— GOAL OF THE EXERCISE —
Restate word for word the lines below that run from the one holding "Kdopak tu spí? - 9788026219187" through the one holding "Glendowlin valley, Yanwath", inclusive. Pictures don't belong in the copy.

= Beginning of Section =

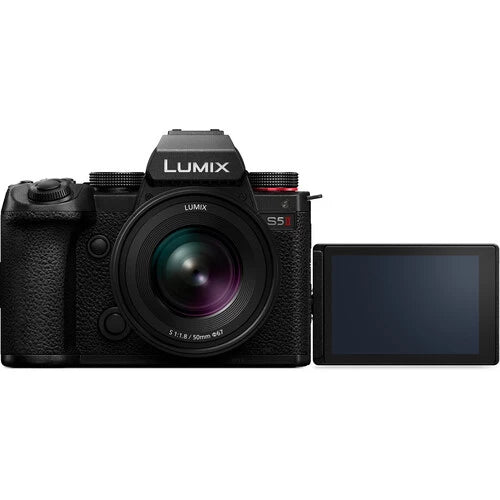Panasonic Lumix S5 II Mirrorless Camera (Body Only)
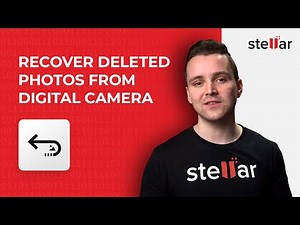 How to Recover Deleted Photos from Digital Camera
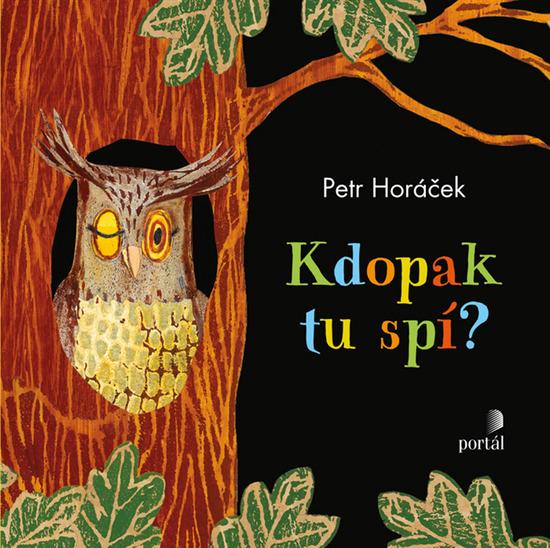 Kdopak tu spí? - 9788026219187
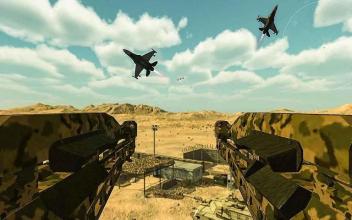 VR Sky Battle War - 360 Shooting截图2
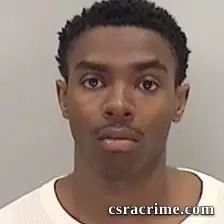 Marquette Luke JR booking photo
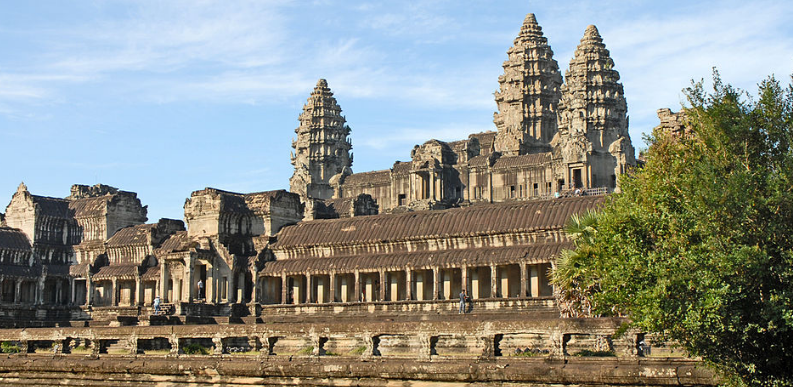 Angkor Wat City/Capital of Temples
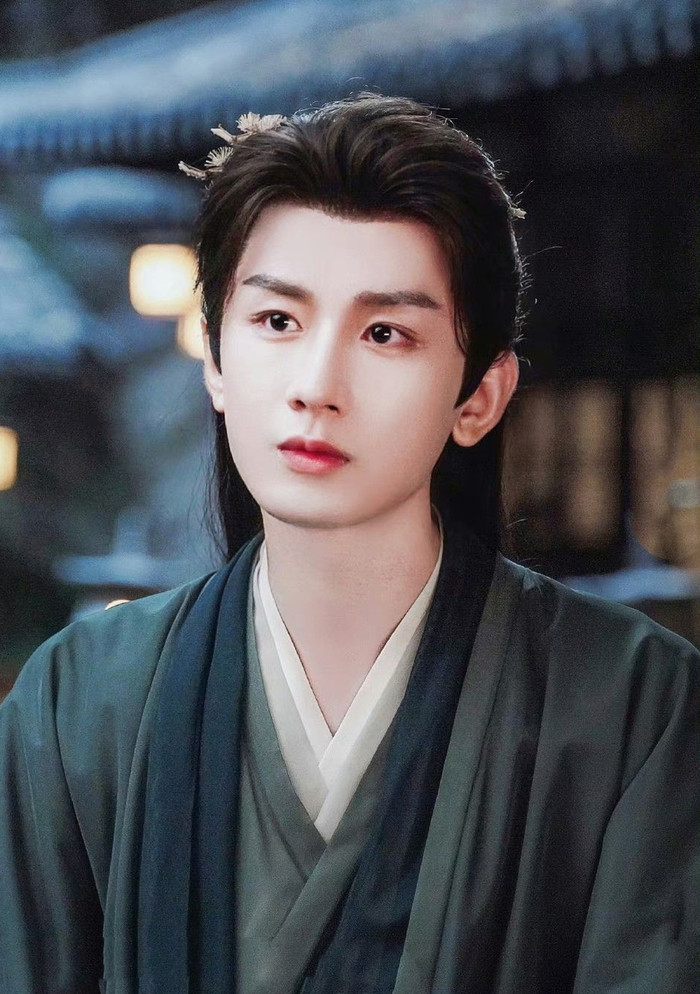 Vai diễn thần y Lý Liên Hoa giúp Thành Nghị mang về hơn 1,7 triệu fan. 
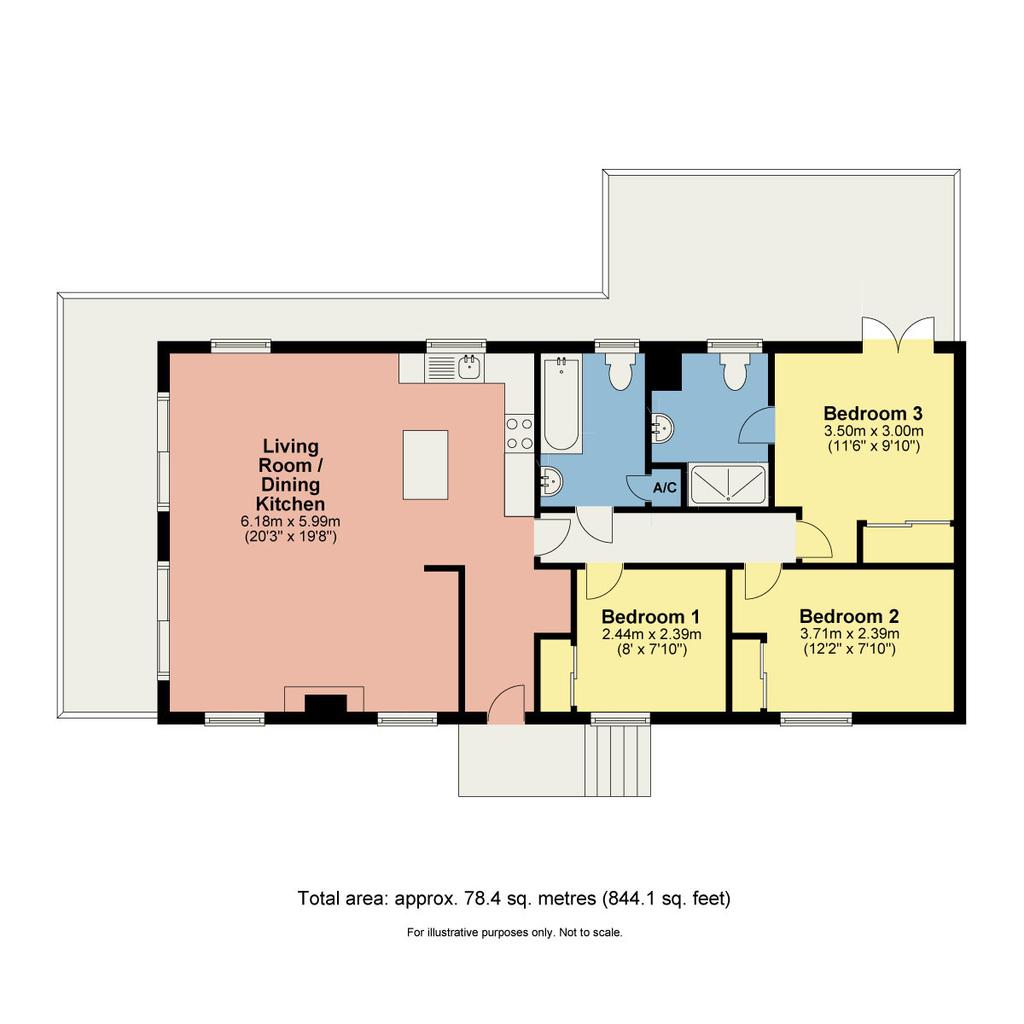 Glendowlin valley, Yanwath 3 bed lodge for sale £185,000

= End of Section =
= Beginning of Section =

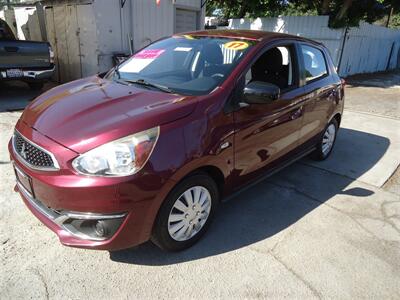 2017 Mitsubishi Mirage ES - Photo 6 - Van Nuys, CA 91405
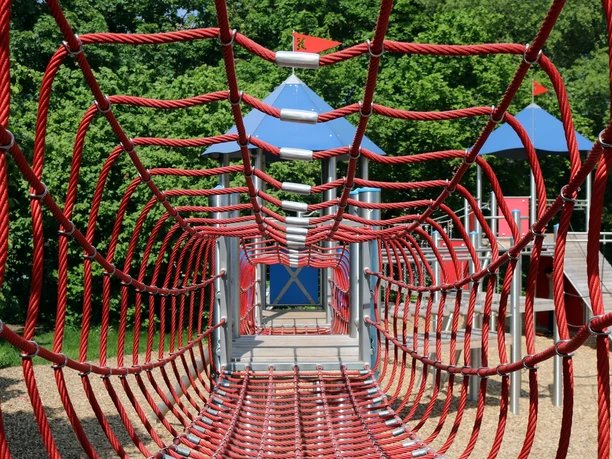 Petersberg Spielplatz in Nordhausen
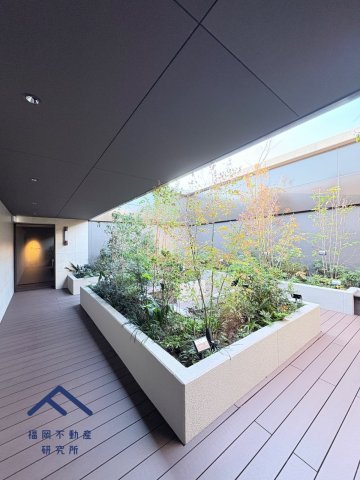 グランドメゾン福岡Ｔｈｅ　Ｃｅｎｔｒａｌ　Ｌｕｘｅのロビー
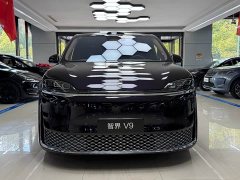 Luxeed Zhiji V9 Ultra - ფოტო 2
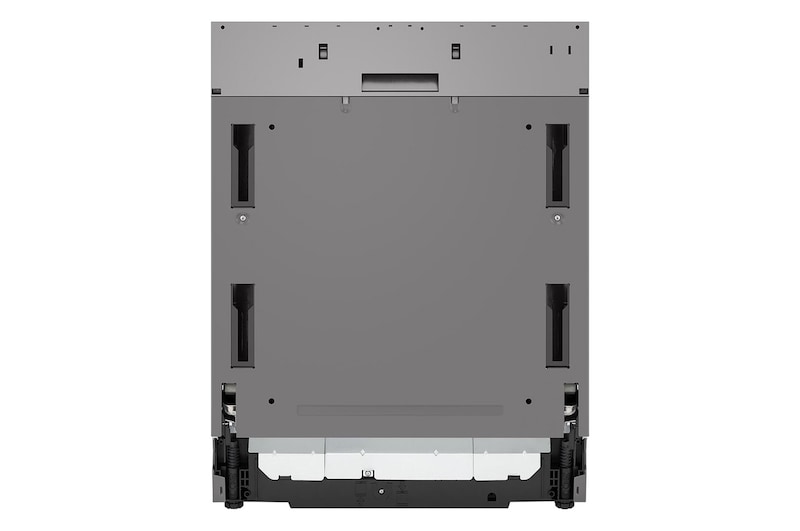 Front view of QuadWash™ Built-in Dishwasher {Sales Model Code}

= End of Section =

— WRITTEN ANSWER —
 Kdopak tu spí? - 9788026219187
 VR Sky Battle War - 360 Shooting截图2
 Marquette Luke JR booking photo
 Angkor Wat City/Capital of Temples
 Vai diễn thần y Lý Liên Hoa giúp Thành Nghị mang về hơn 1,7 triệu fan. 
 Glendowlin valley, Yanwath 3 bed lodge for sale £185,000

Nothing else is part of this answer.